[Start of Attachment]

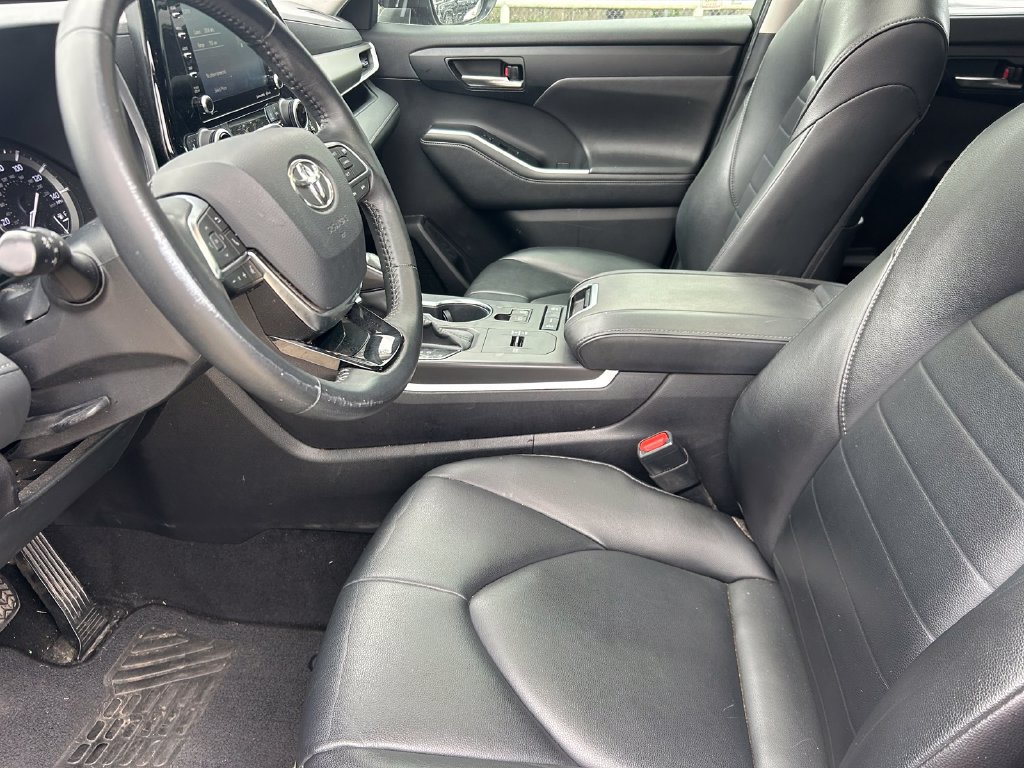 Used 2020 Toyota Highlander XLE FWD image 11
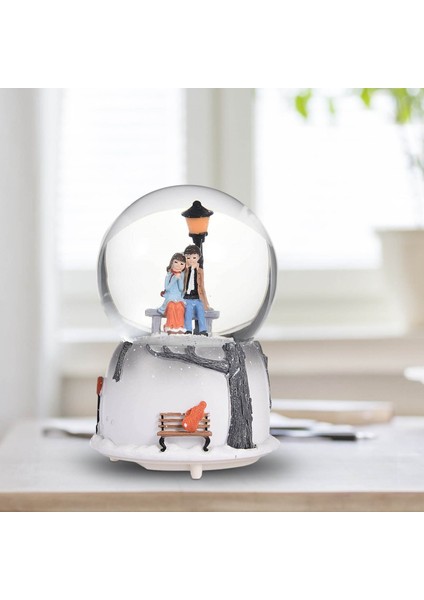 Romantik Aşıklar Orta Boy Işıklı Müzikli Kar Küresi ve Lotus Çiçeği Kolye fırsatları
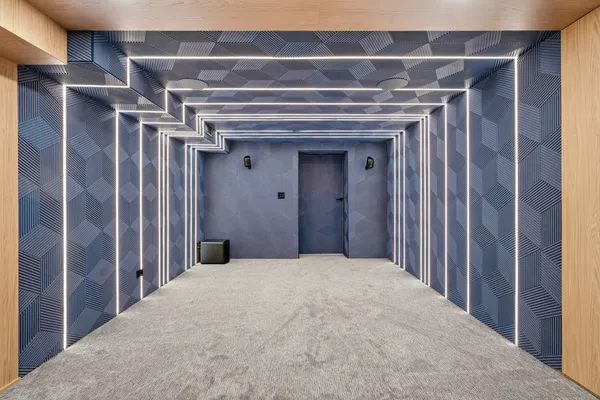 $2,000,000 | 11 Princeton Road, Hinsdale, IL 60521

[End of Attachment]

Only the lines from the one containing "Romantik Aşıklar Orta" through the final line of the material should appear in the answer, copied exactly and without any picture.

Output of the exercise —
 Romantik Aşıklar Orta Boy Işıklı Müzikli Kar Küresi ve Lotus Çiçeği Kolye fırsatları
 $2,000,000 | 11 Princeton Road, Hinsdale, IL 60521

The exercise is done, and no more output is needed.